Lights all gone, falling in the dark for one endless second—
Impact. Mitch’s chair shook him, the gentle pads inside his armor battering and bruising him. The expendable ramming prow would be vaporizing, shattering and crumpling, dissipating energy down to a level the battering-ram ship could endure.
When the crashing stopped, noise still remained, a whining droning symphony of stressed metal and escaping air and gasses, like sobbing breathing. The great machines were locked together now, half the length of the flagship embedded in the berserker.
A rough ramming, but no one on the bridge was injured. Damage control reported that the expected air leaks were being controlled. Gunnery reported that it could extend no turret inside the wound yet. Drive reported ready for a maximum effort.
Drive!
The ship twisted in the wound it had made. This could be victory, here tearing the enemy open, sawing his metal bowels out into space. The
bridge twisted with the structure of the ship, this warship that was more solid metal than anything else. For a moment, Mitch thought he could conic close to comprehending the power of the engines men had built.
“No use, Commander. We’re wedged in.”
The enemy endured. The berserker memory would already be searched, the plans made, the counterattack on the flagship coming, without fear or mercy.
The Ship Commander turned his head to look at Johann Karlsen. It had been foreseen that once a battle had reached this melee stage there would be little a High Commander could do. Even if the flagship were not half-buried in an enemy hull, all space nearby was a complete inferno of confused destruction, through which any meaningful communication would be impossible. If Karlsen was helpless now, neither could the berserker computers still link themselves into a single brain.

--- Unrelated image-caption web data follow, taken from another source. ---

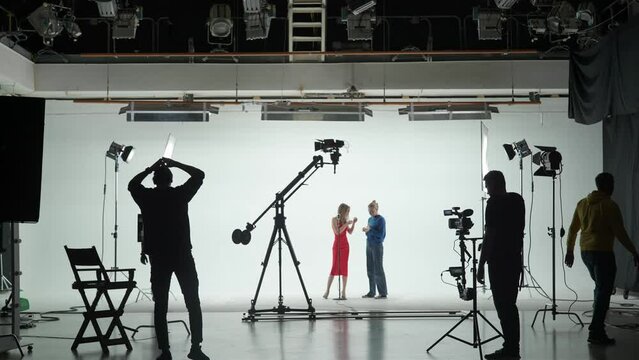 Professional filming pavilion with a white cyclorama. The process of preparing for the shooting of a music video. Director, Cameraman and crew in Backstage.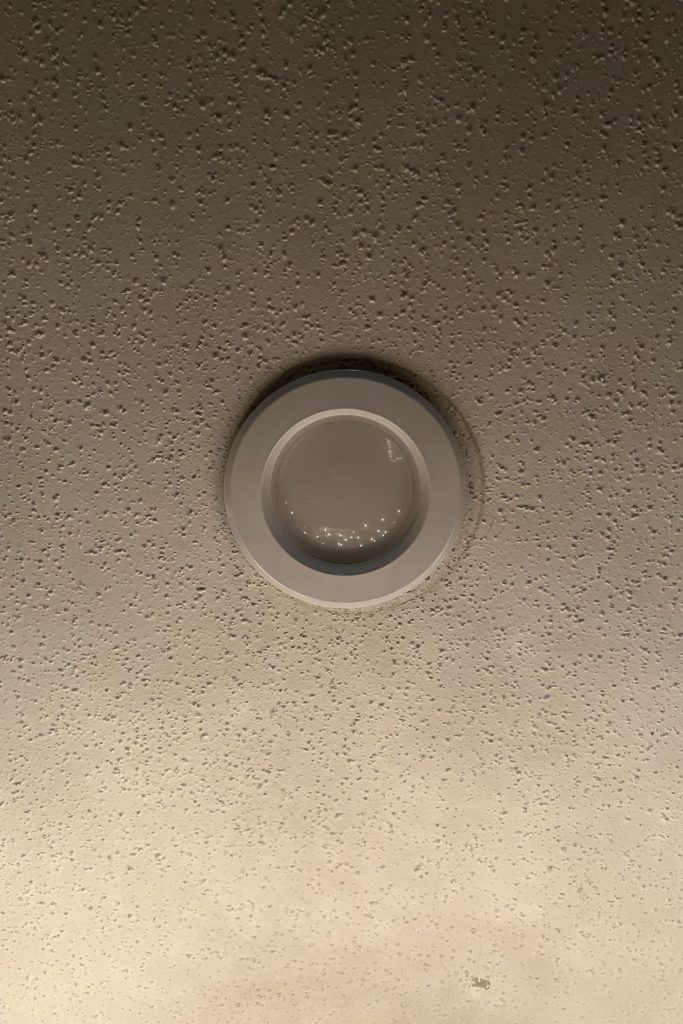 LED recessed can light installed in ceiling with light turned off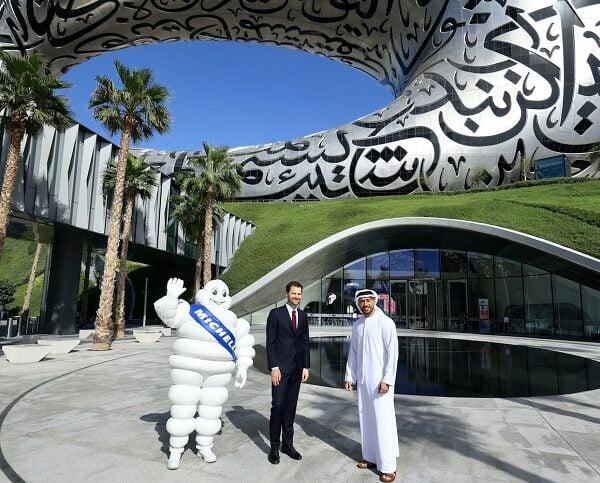 The Michelin Man waves near two men in business attire outside a building.
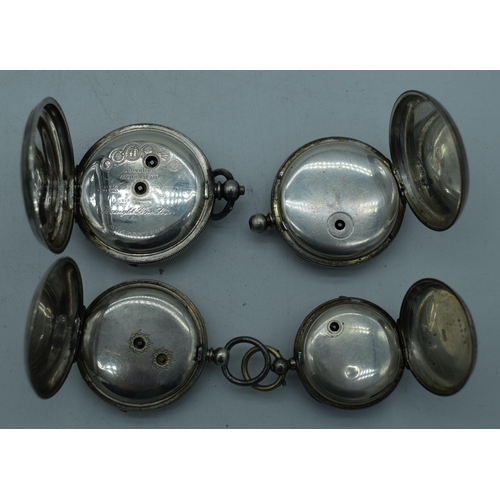 1084 - FOUR ANTIQUE SILVER POCKET WATCHES. 382 grams. Largest 5.5 cm diameter. (4)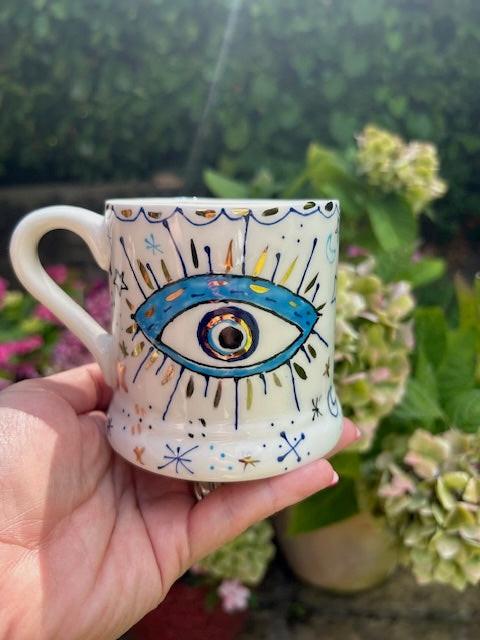 Evil Eye Mug by Jayne Redmond – Hand‑Painted Ceramic with 24 Carat Gold.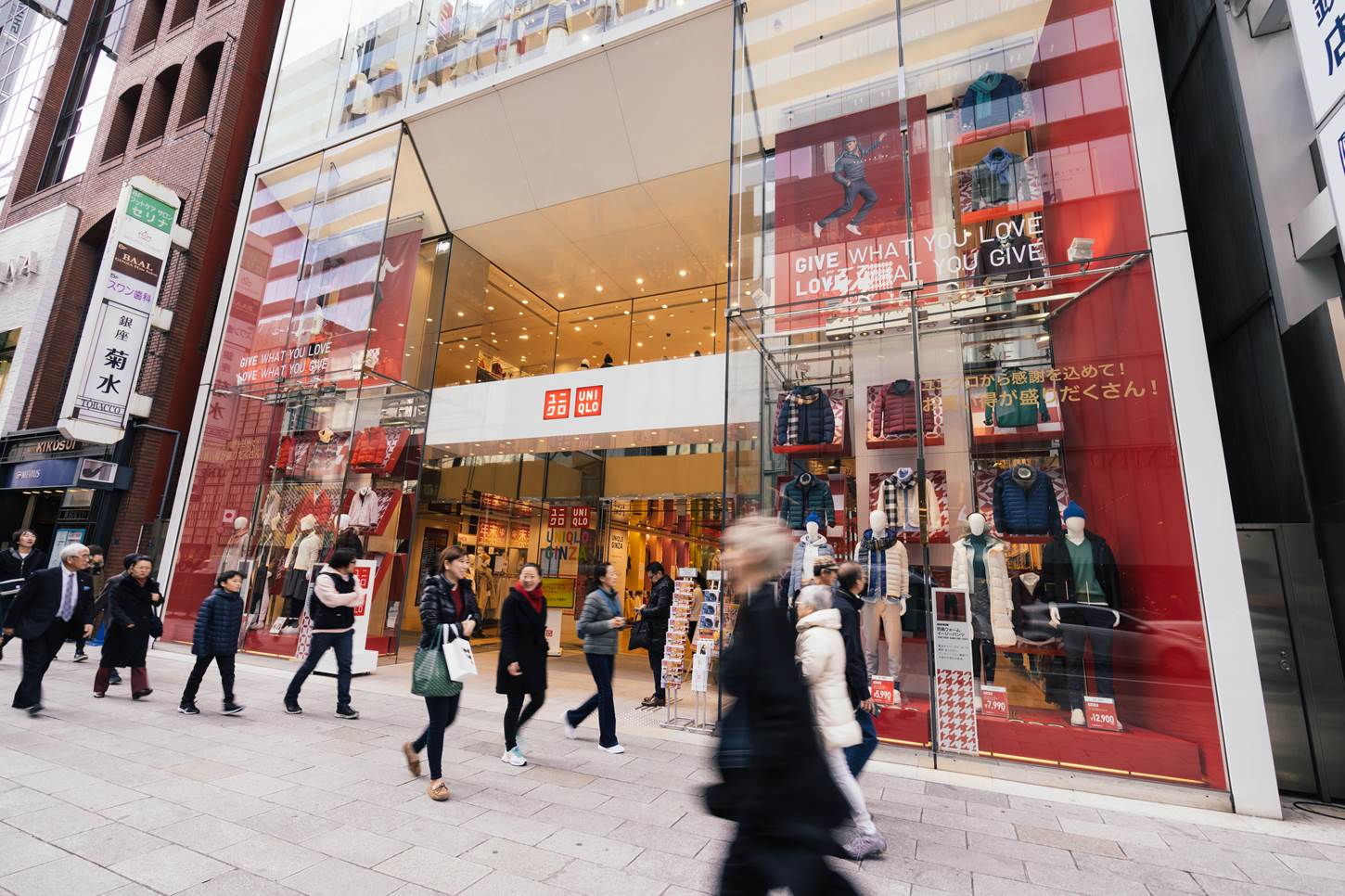 People and tourists walking and shopping in front of Uniqlo famous Japanese clothing represent modern consumerism = Shutterstock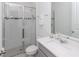 This bathroom features a glass enclosed shower, white vanity, and ample lighting at 4507 Lions Gate Ave, Clermont, FL 34711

“Fight your ship, sir,” said Karlsen. He leaned forward, gripping the arms of his chair, staring at the clouded viewing sphere as if trying to make sense of the few flickering lights within it.

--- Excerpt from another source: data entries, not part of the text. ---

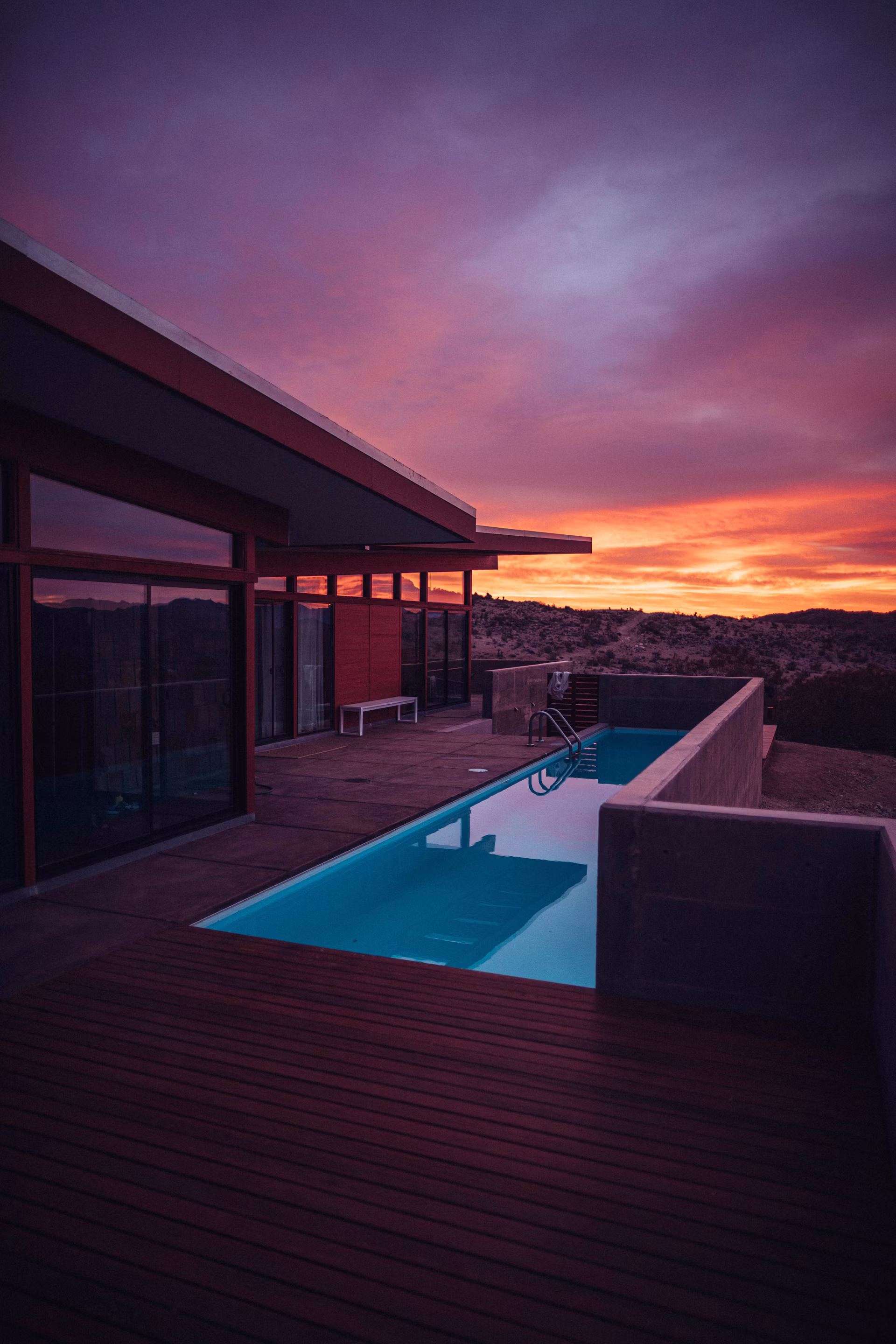 Modern short-term rental villa with a pool at sunset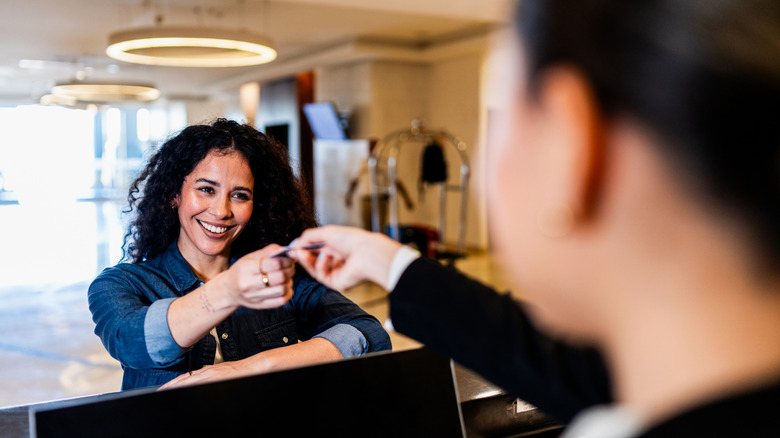 Woman checking into a hotel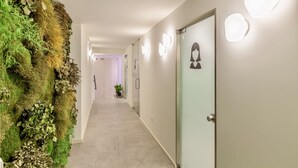 A hallway with a vertical garden, a lighted wall, and a door with a person silhouette. - ing (Oporto)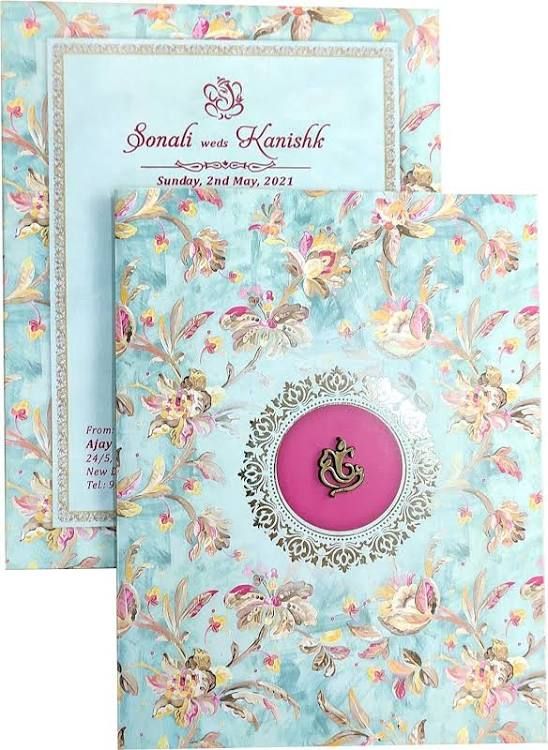 two blue and pink brochures with floral designs on the front, one has a button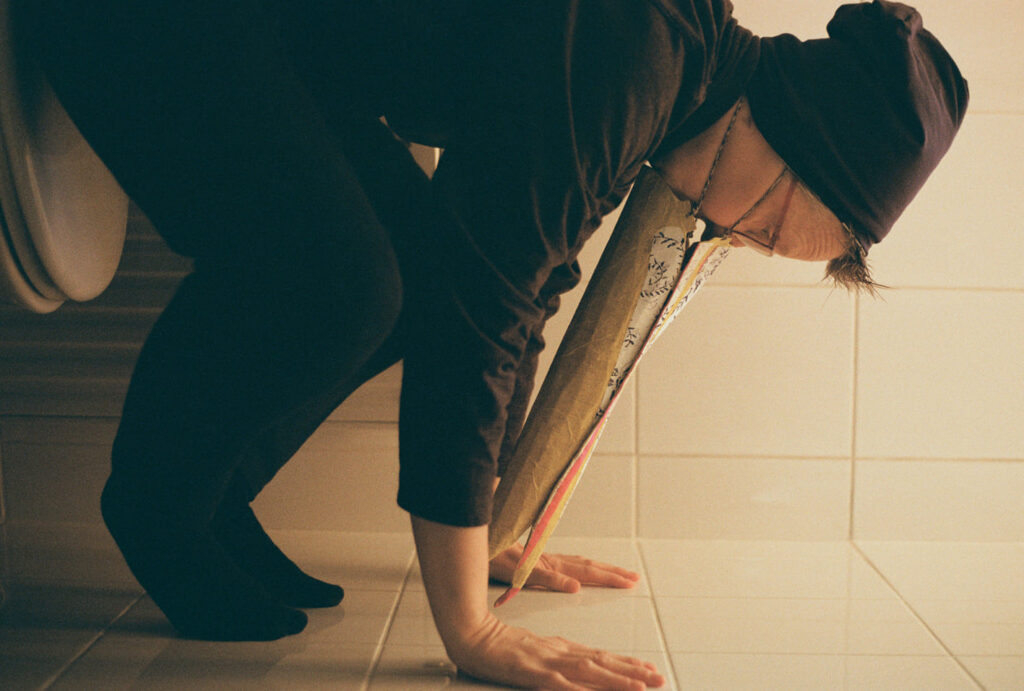 Photography of a person with a pelican's beak pushing hands against tiles
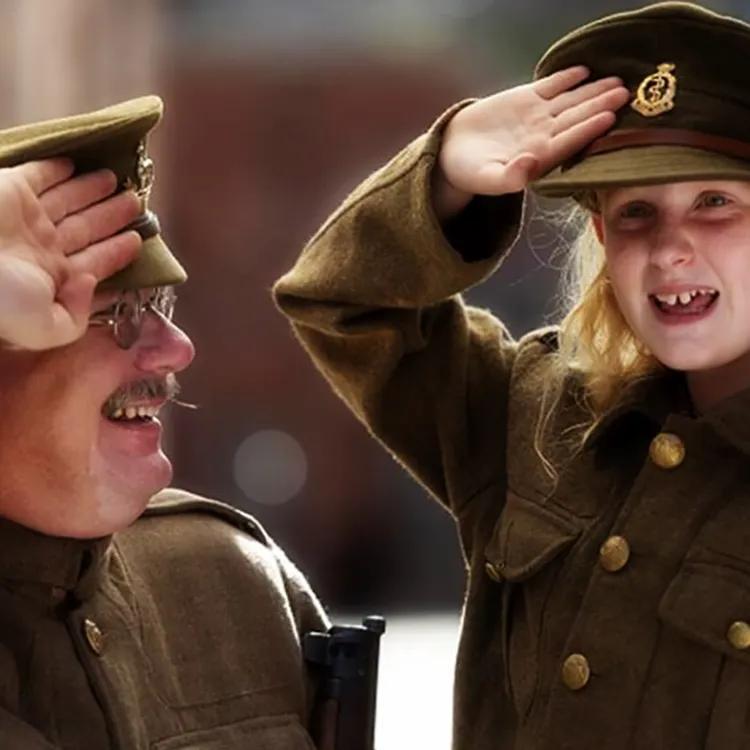 A smiling man and child salute each other while dressed as soldiers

The Ship Commander immediately ordered his marines to board.
Mitch saw them out the sally ports. Then, sitting still was worse than any action. “Sir, I request permission to join the boarders.”
Karlsen seemed not to hear. He disqualified himself, for now, from any use of power; especially to set Mitchell Spain in the forefront of the battle, or to hold him bade.

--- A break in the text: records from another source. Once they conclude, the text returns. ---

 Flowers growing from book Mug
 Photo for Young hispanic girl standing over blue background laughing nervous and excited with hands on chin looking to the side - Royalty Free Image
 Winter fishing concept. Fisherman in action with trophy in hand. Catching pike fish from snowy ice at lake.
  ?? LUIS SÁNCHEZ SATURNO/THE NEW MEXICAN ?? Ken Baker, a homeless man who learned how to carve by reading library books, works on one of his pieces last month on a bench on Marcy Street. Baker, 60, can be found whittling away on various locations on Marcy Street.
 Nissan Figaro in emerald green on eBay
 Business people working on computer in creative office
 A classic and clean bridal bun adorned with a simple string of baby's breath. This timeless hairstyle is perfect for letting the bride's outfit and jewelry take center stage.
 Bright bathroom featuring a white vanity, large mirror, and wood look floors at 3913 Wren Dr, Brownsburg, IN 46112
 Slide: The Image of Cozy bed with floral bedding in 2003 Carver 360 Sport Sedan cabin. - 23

The Ship Commander considered. He wanted to keep a Boarding Coordinator on the bridge; but experienced men could be desperately short in the fighting. “Go, then. Do what you can to help defend our sally ports.”
IX
This berserker defended itself well with soldier-robots. The marines had hardly gotten away from the embedded hull when the counterattack came, cutting most of them off.
In a narrow zig-zag passage leading out to the port near which fighting was heaviest, an armored figure met Mitch. “Captain Spain? I’m Sergeant Broom, acting Defense Commander here. Bridge says you’re to take over. It’s a little rough. Gunnery can’t get a turret working inside the wound. The dankers have all kinds of room to maneuver, and they keep coming at us.”